To these two doubtful writings of Plato I have added the First Alcibiades,
which, of all the disputed dialogues of Plato, has the greatest merit, and
is somewhat longer than any of them, though not verified by the testimony
of Aristotle, and in many respects at variance with the Symposium in the
description of the relations of Socrates and Alcibiades. Like the Lesser
Hippias and the Menexenus, it is to be compared to the earlier writings of
Plato. The motive of the piece may, perhaps, be found in that passage of
the Symposium in which Alcibiades describes himself as self-convicted by
the words of Socrates. For the disparaging manner in which Schleiermacher
has spoken of this dialogue there seems to be no sufficient foundation. At
the same time, the lesson imparted is simple, and the irony more
transparent than in the undoubted dialogues of Plato. We know, too, that
Alcibiades was a favourite thesis, and that at least five or six dialogues
bearing this name passed current in antiquity, and are attributed to
contemporaries of Socrates and Plato. (1) In the entire absence of real
external evidence (for the catalogues of the Alexandrian librarians cannot
be regarded as trustworthy); and (2) in the absence of the highest marks
either of poetical or philosophical excellence; and (3) considering that we
have express testimony to the existence of contemporary writings bearing
the name of Alcibiades, we are compelled to suspend our judgment on the
genuineness of the extant dialogue.

Neither at this point, nor at any other, do we propose to draw an absolute
line of demarcation between genuine and spurious writings of Plato. They
fade off imperceptibly from one class to another. There may have been
degrees of genuineness in the dialogues themselves, as there are certainly
degrees of evidence by which they are supported. The traditions of the
oral discourses both of Socrates and Plato may have formed the basis of
semi-Platonic writings; some of them may be of the same mixed character
which is apparent in Aristotle and Hippocrates, although the form of them
is different.
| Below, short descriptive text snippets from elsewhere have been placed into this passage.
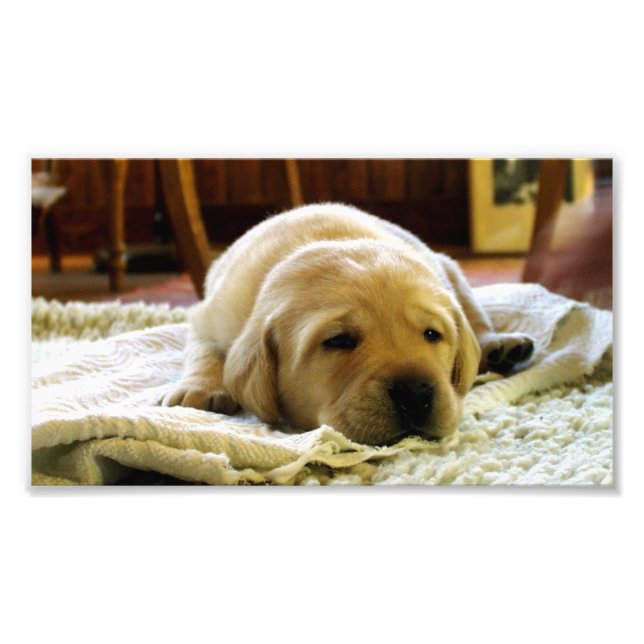 Impression Photo chiot jaune 2 labo (Devant)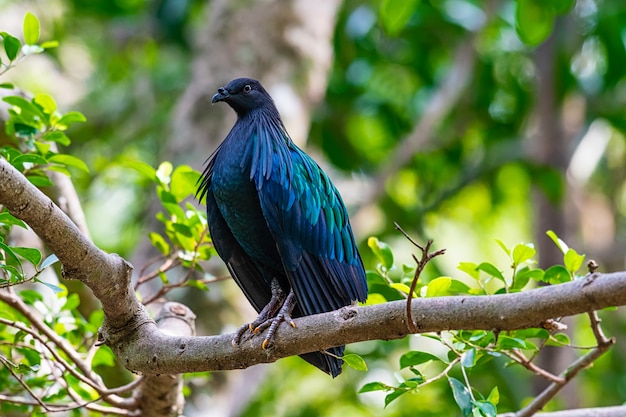 Pombo nicobar em uma árvore ramo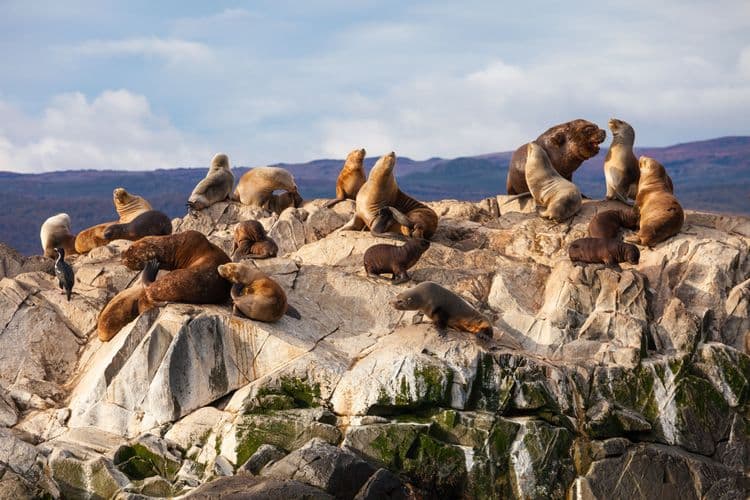 Beagle Channel Wildlife Cruise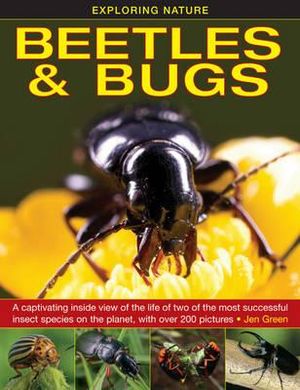 Exploring Nature : Beetles & Bugs - Jen Green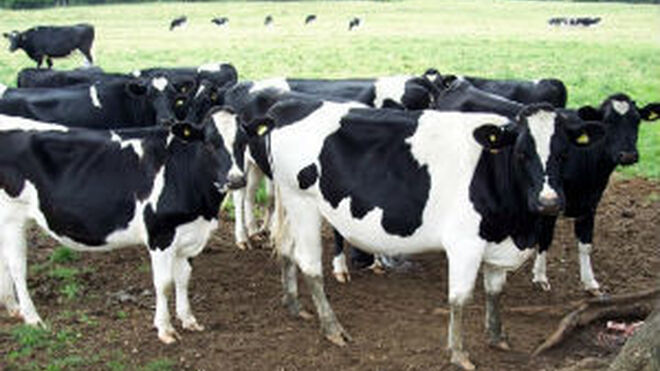 España pierde numerosas granjas lácteas, sobre todo en Galicia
But the writings of Plato, unlike the writings of Aristotle,
seem never to have been confused with the writings of his disciples: this
was probably due to their definite form, and to their inimitable
excellence. The three dialogues which we have offered in the Appendix to
the criticism of the reader may be partly spurious and partly genuine; they
may be altogether spurious;--that is an alternative which must be frankly
admitted. Nor can we maintain of some other dialogues, such as the
Parmenides, and the Sophist, and Politicus, that no considerable objection
can be urged against them, though greatly overbalanced by the weight
(chiefly) of internal evidence in their favour. Nor, on the other hand,
can we exclude a bare possibility that some dialogues which are usually
rejected, such as the Greater Hippias and the Cleitophon, may be genuine.
The nature and object of these semi-Platonic writings require more careful
study and more comparison of them with one another, and with forged
writings in general, than they have yet received, before we can finally
decide on their character. We do not consider them all as genuine until
they can be proved to be spurious, as is often maintained and still more
often implied in this and similar discussions; but should say of some of
them, that their genuineness is neither proven nor disproven until further
evidence about them can be adduced. And we are as confident that the
Epistles are spurious, as that the Republic, the Timaeus, and the Laws are
genuine.

On the whole, not a twentieth part of the writings which pass under the
name of Plato, if we exclude the works rejected by the ancients themselves
and two or three other plausible inventions, can be fairly doubted by those
who are willing to allow that a considerable change and growth may have
taken place in his philosophy (see above). That twentieth debatable
portion scarcely in any degree affects our judgment of Plato, either as a
thinker or a writer, and though suggesting some interesting questions to
the scholar and critic, is of little importance to the general reader.


ALCIBIADES I

by

Plato (see Appendix I above)

Translated by Benjamin Jowett


INTRODUCTION.

The First Alcibiades is a conversation between Socrates and Alcibiades.
Socrates is represented in the character which he attributes to himself in
the Apology of a know-nothing who detects the conceit of knowledge in
others. The two have met already in the Protagoras and in the Symposium;
in the latter dialogue, as in this, the relation between them is that of a
lover and his beloved. But the narrative of their loves is told
differently in different places; for in the Symposium Alcibiades is
depicted as the impassioned but rejected lover; here, as coldly receiving
the advances of Socrates, who, for the best of purposes, lies in wait for
the aspiring and ambitious youth.

Alcibiades, who is described as a very young man, is about to enter on
public life, having an inordinate opinion of himself, and an extravagant
ambition. Socrates, 'who knows what is in man,' astonishes him by a
revelation of his designs. But has he the knowledge which is necessary for
carrying them out? He is going to persuade the Athenians--about what? Not
about any particular art, but about politics--when to fight and when to
make peace. Now, men should fight and make peace on just grounds, and
therefore the question of justice and injustice must enter into peace and
war; and he who advises the Athenians must know the difference between
them. Does Alcibiades know? If he does, he must either have been taught
by some master, or he must have discovered the nature of them himself. If
he has had a master, Socrates would like to be informed who he is, that he
may go and learn of him also. Alcibiades admits that he has never learned.
Then has he enquired for himself? He may have, if he was ever aware of a
time when he was ignorant. But he never was ignorant; for when he played
with other boys at dice, he charged them with cheating, and this implied a
knowledge of just and unjust. According to his own explanation, he had
learned of the multitude. Why, he asks, should he not learn of them the
nature of justice, as he has learned the Greek language of them? To this
Socrates answers, that they can teach Greek, but they cannot teach justice;
for they are agreed about the one, but they are not agreed about the other:
and therefore Alcibiades, who has admitted that if he knows he must either
have learned from a master or have discovered for himself the nature of
justice, is convicted out of his own mouth.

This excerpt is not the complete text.